The about 50 farmers group leaders drawn from Kadjebi, Biakoye, Kpasa, Dambai, Jasikan, Kpeve, Nkwanta Districts and Hohoe Municipality, expressed their anger at a day’s training workshop organised by Peasant Farmers Association of Ghana (PFAG) at Hohoe.
They were unanimous in their conviction that officials from the District and Municipal Directorates of Ministry of Food and Agriculture (MOFA) annually engaged them to seek their inputs and concerns into the national budget.
However, when MOFA officials present such inputs to the DAs for approval before onward submission to the national level, authorities in the assemblies made changes to their contributions with the excuse that they were not priorities for the districts during the season.
They said such practices had resulted in the poor development of the agricultural sector, leading to poor yields, poverty amongst peasant farmers, with dire consequences for the country’s food security situation since they produced about 80 per cent of the country’s food needs.
The workshop was aimed at educating and training peasant farmers’ leaders on the budget process and their roles as well as seeks their inputs into the agricultural sector budget especially at the district level.
The objective was to develop the capacity of farmers’ leaders to actively participate in the process of preparing the agricultural sector budget at the district level, considered key to the sector’s development.
The workshop, which was a follow-up to a similar one held three weeks ago in Accra, formed part of a year’s project sponsored by Trust Africa, an international NGO to educate and train small scale farmers on budget process in the country.

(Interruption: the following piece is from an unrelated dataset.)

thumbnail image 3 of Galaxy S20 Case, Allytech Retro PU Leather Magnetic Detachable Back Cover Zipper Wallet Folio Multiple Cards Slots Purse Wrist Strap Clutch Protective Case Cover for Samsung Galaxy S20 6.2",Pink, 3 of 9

Mr Asiedu Biney, 2010 Best Plantain Farmer in Kadjebi District, who summarised challenges of peasant farmers in the Region, called on the government to channel all entitlements due farmers through the District Directorates of MOFA because peasant farmers could not have confidence in the assemblies any longer.
He called for the strengthening of MOFA at the district level as well as other organisations such as PFAG to champion the interest of peasant farmers at the district level.
Madam Veronica Kornyepe, 2007 Chief Farmer in Kadjebi District said whilst DAs offered loans to traders to improve their businesses, such assistance was not offered to peasant farmers.
Mr Daniel Ewoade, Hohoe Municipal Director of Agriculture, assured peasant farmers that MOFA would continue to work to improve their living standards.
Mr Ewoade announced that a review of the Local Government Act, MOFA at the district level had been directed to adopt a composite budget system beginning from 2012 Financial Year to address the interest of farmers at all levels.
Composite budget system allows each district to budget for their challenges or particular aspirations as against the previous system where a national policy is followed regardless of specific local needs.
Mr Godwin Atokple, Vice President of PFAG lauded government for meeting the 10 per cent budgetary allocation to the agricultural sector but added that “we the small scale farmers are still interested in knowing how much of this allocation goes into small scale farming”.
Mr Atokple noted that even though poverty levels in the country had been declining, the situation amongst peasant farmers, who constituted about 60 per cent of the farming population, was not the best and called for efforts to modernise the agricultural sector to improve the living standards of farmers.